The Hutchins Bridge, spanning the Madison River in Madison County, Montana near Cameron, Montana, was listed on the National Register of Historic Places in 1999.

It is a pin-connected three-span Pratt through truss bridge which was built in 1902 by John W. Towle, an engineer from Omaha, Nebraska. Its three trusses are identical, each 100 ft long with a 16 ft roadway.

Wooden 4x4 in posts of its original guardrails survive, but its 2x4 rails are gone, replaced by a chainlink fence protecting pedestrians.

In 1998 the bridge was open but signage limited it to four tons carrying capacity.

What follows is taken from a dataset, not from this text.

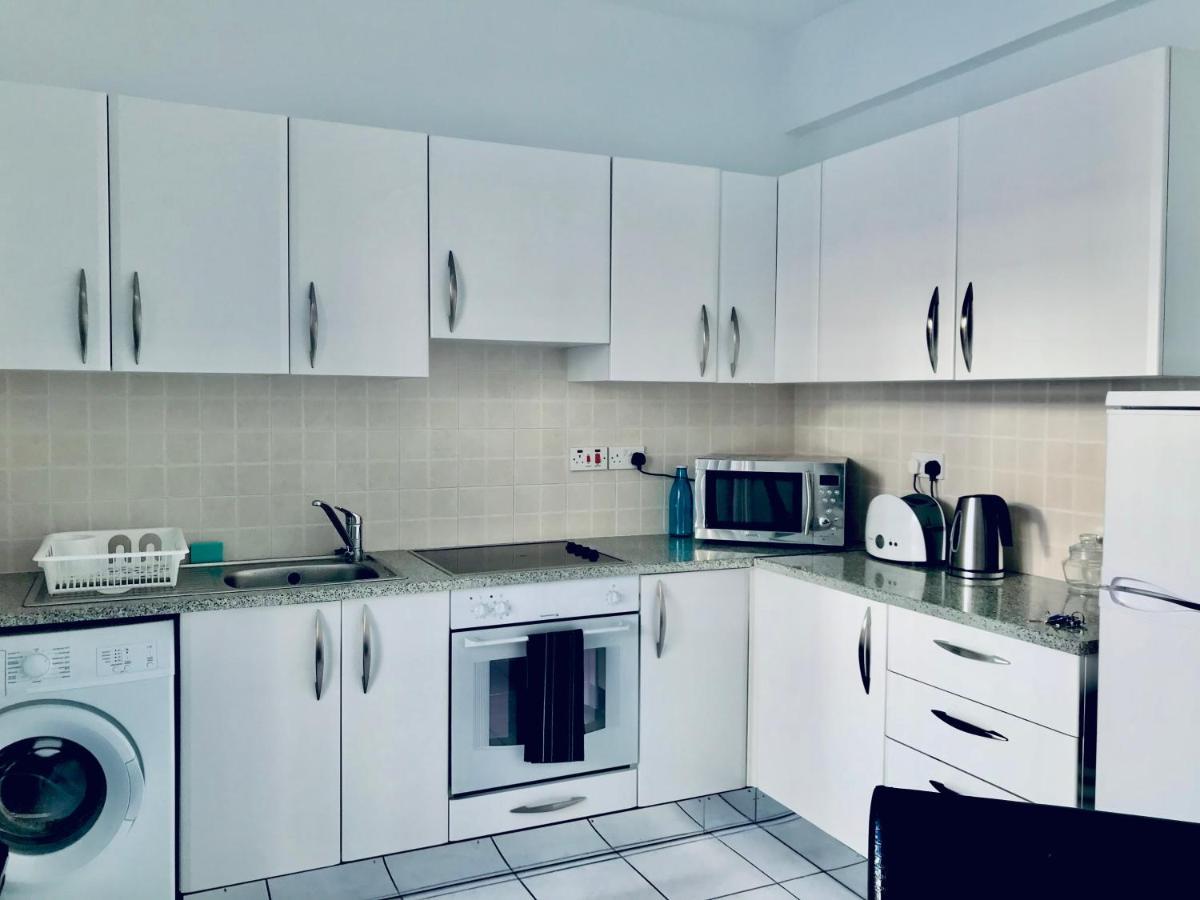 Diana Townhouse 5 Βίλα Πάφος Εξωτερικό φωτογραφία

It spans the Madison River near the mouth of the West Fork of the Madison River, providing access from what is now U.S. Highway 287 to the West Fork Road. It is about 9 mi miles west (downstream) of Quake Lake and 23 mi south of Cameron, Montana. The bridge provided access to Yellowstone National Park, allowing travellers to cross where a ford had been and then continuing south, up the west branch of the Madison River. Gilman Sawtell had built a first bridge here in the 1870s; a multi-span wood toll bridge operated from 1885 to 1901. The 1902 bridge served early motorists using the Vigilante Trail highway or the Grand Canyon to Banff highway.

For travelling to Yellowstone, the bridge was bypassed in 1922. In 2019 it serves some campground areas on the west side of the Madison River.